What Is Hyperparameter Optimization?

What Is HPO?

Hyperparameters are the knobs you tune outside gradient descent: learning rate, batch size, depth, dropout rate. Usually 5–20 of them; the validation loss is non-convex, noisy, and expensive — one full training run per setting.

Hyperparameter optimization (HPO) automates the tuning. Simplest variant: random search — sample configurations from a prior, evaluate, keep the best.

The HPO workflow

Train multiple models with different hyperparameters; pick the best.

Random search beats grid search and most hand-tuning. Smarter algorithms (Bayesian opt, Hyperband) come next.

Formalizing HPO

Find \mathbf{x}^* = \arg\min_{\mathbf{x} \in \mathcal{X}} f(\mathbf{x}) where f is the validation error after training with hyperparameters \mathbf{x}, and \mathcal{X} is the configuration space — a structured product of discrete and continuous ranges.

from d2l import jax as d2l
from flax import nnx
from jax import numpy as jnp
import numpy as np
from scipy import stats

Objective: train + evaluate

The “function” we’re optimizing is “train a model with this config, return validation error”. Wrap that into a clean callable:

@nnx.jit
def hpo_validation_batch(model, batch):
    _, batch_accuracy = model.validation_step(batch)
    num_examples = batch[-1].size
    return jnp.array([batch_accuracy * num_examples, num_examples])

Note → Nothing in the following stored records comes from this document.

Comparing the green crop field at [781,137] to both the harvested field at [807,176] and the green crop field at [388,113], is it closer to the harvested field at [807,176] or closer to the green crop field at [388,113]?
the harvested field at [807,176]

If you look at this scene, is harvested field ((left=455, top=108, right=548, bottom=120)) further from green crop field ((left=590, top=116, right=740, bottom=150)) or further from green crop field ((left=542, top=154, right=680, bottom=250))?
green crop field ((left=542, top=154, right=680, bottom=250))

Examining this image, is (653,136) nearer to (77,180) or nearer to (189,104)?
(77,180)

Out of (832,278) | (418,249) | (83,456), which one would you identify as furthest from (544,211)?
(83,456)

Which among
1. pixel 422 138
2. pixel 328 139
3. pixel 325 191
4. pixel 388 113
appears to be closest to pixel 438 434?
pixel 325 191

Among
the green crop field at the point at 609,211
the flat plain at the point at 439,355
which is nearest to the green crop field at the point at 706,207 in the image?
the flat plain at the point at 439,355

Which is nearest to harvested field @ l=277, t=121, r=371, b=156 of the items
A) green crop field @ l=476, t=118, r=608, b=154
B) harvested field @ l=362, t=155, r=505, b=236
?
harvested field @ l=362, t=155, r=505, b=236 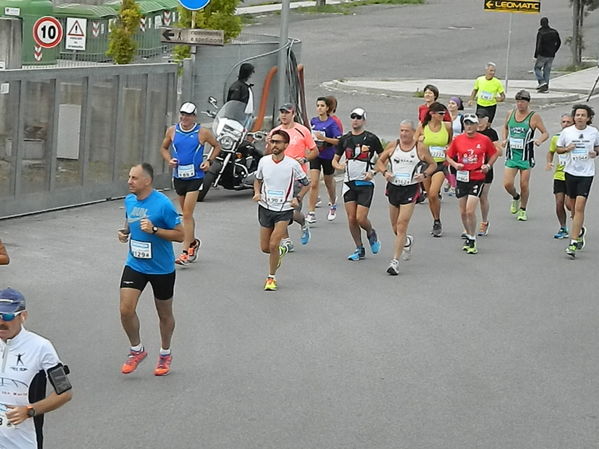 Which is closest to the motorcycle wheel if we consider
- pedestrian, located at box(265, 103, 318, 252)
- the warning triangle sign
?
pedestrian, located at box(265, 103, 318, 252)

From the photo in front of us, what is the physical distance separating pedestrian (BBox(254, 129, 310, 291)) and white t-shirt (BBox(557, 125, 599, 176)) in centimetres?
403

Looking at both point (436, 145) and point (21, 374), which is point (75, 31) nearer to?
point (436, 145)

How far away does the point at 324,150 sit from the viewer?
18516mm

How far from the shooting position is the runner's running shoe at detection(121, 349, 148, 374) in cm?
1077

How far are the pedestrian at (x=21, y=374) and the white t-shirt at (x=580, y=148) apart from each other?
10705 millimetres

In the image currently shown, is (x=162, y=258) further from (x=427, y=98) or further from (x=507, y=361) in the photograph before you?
(x=427, y=98)

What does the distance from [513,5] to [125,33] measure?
51.8ft

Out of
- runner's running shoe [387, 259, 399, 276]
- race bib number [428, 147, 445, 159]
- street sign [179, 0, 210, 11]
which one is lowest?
runner's running shoe [387, 259, 399, 276]

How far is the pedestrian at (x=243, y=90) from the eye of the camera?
2066 centimetres

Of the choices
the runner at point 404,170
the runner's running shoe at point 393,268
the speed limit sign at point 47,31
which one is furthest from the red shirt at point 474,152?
the speed limit sign at point 47,31

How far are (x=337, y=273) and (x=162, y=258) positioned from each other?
4.64 meters

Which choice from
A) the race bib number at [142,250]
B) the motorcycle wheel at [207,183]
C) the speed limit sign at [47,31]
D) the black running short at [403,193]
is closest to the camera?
the race bib number at [142,250]

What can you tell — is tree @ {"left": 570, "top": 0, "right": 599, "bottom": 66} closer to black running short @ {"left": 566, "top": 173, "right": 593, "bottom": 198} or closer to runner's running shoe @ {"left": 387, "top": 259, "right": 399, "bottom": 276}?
black running short @ {"left": 566, "top": 173, "right": 593, "bottom": 198}

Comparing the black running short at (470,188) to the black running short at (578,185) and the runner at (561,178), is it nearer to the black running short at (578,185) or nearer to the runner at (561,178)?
the runner at (561,178) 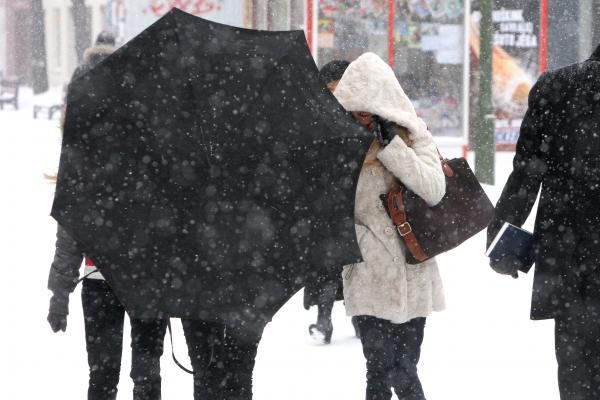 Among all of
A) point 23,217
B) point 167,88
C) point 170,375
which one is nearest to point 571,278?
point 167,88

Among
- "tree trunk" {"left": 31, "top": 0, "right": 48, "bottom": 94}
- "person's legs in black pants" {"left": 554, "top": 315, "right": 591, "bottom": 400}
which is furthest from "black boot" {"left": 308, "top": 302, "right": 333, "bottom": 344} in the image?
"tree trunk" {"left": 31, "top": 0, "right": 48, "bottom": 94}

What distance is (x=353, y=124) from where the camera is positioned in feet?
13.4

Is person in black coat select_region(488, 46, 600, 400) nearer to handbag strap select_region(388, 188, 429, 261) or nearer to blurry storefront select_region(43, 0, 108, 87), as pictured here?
handbag strap select_region(388, 188, 429, 261)

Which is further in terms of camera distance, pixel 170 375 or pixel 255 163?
pixel 170 375

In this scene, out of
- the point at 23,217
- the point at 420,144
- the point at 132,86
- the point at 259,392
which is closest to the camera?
the point at 132,86

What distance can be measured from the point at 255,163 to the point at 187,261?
39 cm

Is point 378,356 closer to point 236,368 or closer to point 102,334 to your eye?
point 236,368

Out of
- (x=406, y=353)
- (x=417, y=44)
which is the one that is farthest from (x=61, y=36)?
(x=406, y=353)

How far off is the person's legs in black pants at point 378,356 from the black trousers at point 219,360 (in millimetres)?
691

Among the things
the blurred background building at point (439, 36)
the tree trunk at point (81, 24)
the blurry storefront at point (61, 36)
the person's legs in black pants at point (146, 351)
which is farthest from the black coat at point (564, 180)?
the tree trunk at point (81, 24)

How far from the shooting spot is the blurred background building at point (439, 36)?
56.4 feet

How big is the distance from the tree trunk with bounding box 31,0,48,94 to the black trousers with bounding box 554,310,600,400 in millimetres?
40073

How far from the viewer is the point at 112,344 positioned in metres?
5.16

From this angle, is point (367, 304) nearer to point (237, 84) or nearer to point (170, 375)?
point (237, 84) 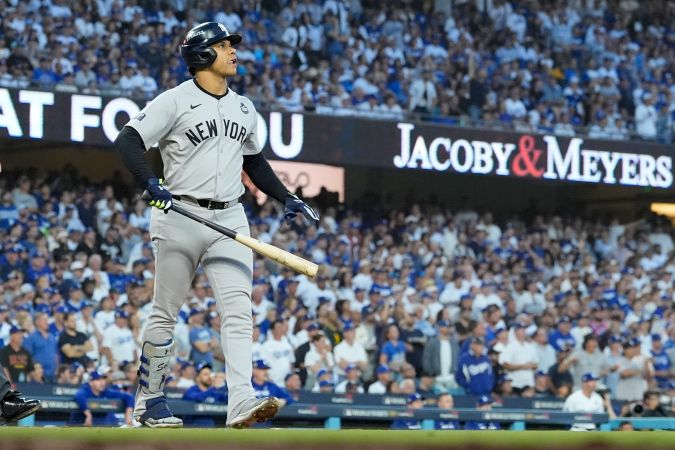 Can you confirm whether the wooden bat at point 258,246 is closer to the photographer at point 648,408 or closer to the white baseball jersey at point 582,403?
the white baseball jersey at point 582,403

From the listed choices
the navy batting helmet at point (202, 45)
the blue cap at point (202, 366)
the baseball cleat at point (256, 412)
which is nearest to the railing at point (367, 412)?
the blue cap at point (202, 366)

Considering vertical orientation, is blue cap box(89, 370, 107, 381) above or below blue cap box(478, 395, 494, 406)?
above

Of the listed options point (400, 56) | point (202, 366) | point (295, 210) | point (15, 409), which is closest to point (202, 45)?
point (295, 210)

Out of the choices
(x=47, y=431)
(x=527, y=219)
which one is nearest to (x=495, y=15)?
(x=527, y=219)

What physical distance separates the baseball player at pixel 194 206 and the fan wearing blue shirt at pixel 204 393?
18.0 ft

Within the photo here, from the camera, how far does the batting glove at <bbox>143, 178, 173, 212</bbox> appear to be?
18.7 ft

class HPOTrainer(d2l.Trainer):
    def validation_error(self):
        metric = jnp.zeros(2)  # num_correct, num_examples
        for batch in self.val_dataloader:
            batch = self.prepare_batch(batch)
            metric += hpo_validation_batch(self.val_model, batch)
        return 1 - metric[0] / metric[1]

def hpo_objective_softmax_classification(config, max_epochs=8):
    learning_rate = config["learning_rate"]
    trainer = d2l.HPOTrainer(max_epochs=max_epochs)
    data = d2l.FashionMNIST(batch_size=16)
    model = d2l.SoftmaxRegression(num_outputs=10, lr=learning_rate)
    trainer.fit(model=model, data=data)
    return float(trainer.validation_error())

Configuration space

A structured space — log-uniform for learning rate (spans orders of magnitude), uniform integer for layer counts, categorical for activations:

config_space = {"learning_rate": stats.loguniform(1e-4, 1)}

Random search

Iterate: draw random config, evaluate, log. Keep the best seen so far. Brutally simple, surprisingly effective:

errors, values = [], []
num_iterations = 5

for i in range(num_iterations):
    learning_rate = config_space["learning_rate"].rvs()
    print(f"Trial {i}: learning_rate = {learning_rate}")
    y = hpo_objective_softmax_classification({"learning_rate": learning_rate})
    print(f"    validation_error = {y}")
    values.append(learning_rate)
    errors.append(y)

    validation_error = 0.1923999786376953

best_idx = np.argmin(errors)
print(f"optimal learning rate = {values[best_idx]}")

optimal learning rate = 0.003136396628555046

Recap

HPO = optimize a noisy, expensive black-box function over a structured config space.
Random search ≫ grid search at modest budget — Bergstra & Bengio 2012 settled this empirically.
Random search is also the natural baseline every fancy HPO algorithm has to beat.
Coming up: API abstraction, asynchronous parallel search, multi-fidelity (Hyperband, ASHA).